There's no consensus that things ought to remain as they are, either — unless you count consensus among those who already hold the power, which is all that matters in the end. The reference to "the world's poor" is particularly weasely: if the lack of consensus in the governance issue is preventing such worthy progress, then sort out the governance issue. Twomey uses the phrase with the converse implication: that we should all ignore the governance issue until such times as we have provided Internet access to the world's poor.

He talks of "high politics", but his own speech has a strong political aroma to it.

Re: ICANN CEO: "High Politics" Fueling IGF Debates Suresh Ramasubramanian  –  Nov 14, 2007 6:36 AM PDT

The Famous Brett Watson said:

"The discussion of the role of ICANN has gone on for some time, but there is no consensus for change," Twomey said, adding he felt the discussion distracted from more important issues like providing greater Internet access to the world's poor.

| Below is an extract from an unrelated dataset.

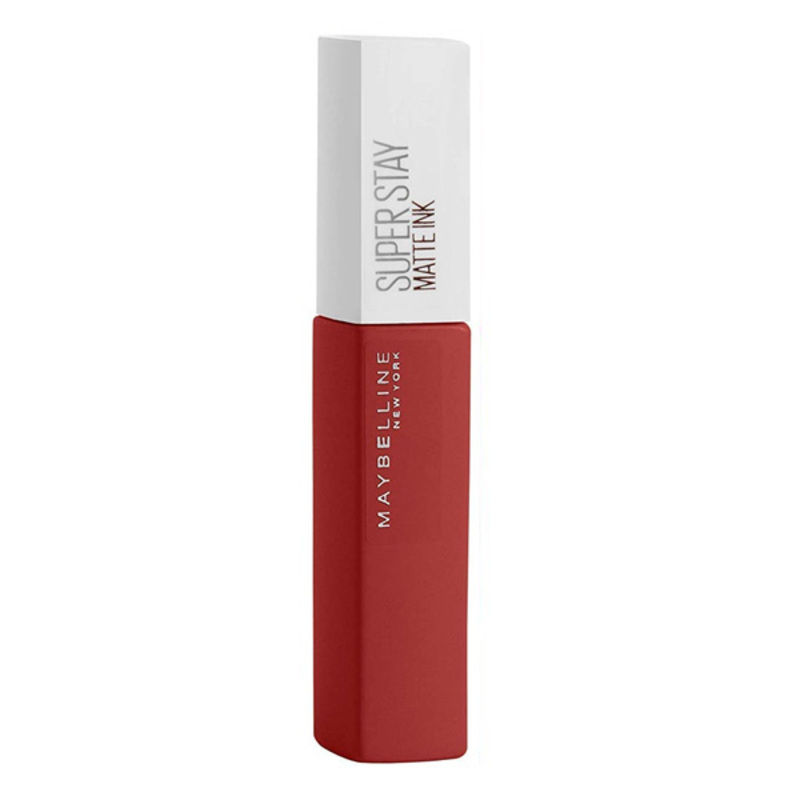 Miniatura: Rossetti Superstay Matte Ink City Maybelline (5 ml)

There's no consensus that things ought to remain as they are, either — unless you count consensus among those who already hold the power

You know, that is a chicken and egg problem. Most of the "players" in this are

1. Already playing the game
2. Have substantial experience / expertise invested
3. Have substantial cash invested

While others - who should have a stake - lack

1. Capacity / Expertise
2. Funding
3. Both, in quite a few cases

Yes they must have a stake - but how worthwhile is it to give people a say for the sake of "inclusiveness" when the end result is usually that some ministry bureaucrat from J.Random third world country gets an expenses paid trip to Rio?

Good thing the next IGF is in new delhi, and if it is in november that means thick fog will add to the usual set of problems (smog, pollution, overcrowded roads, overpriced - $300+ for a sheraton - hotels, etc)

It is the sort of location that people will not fight to get fellowships to.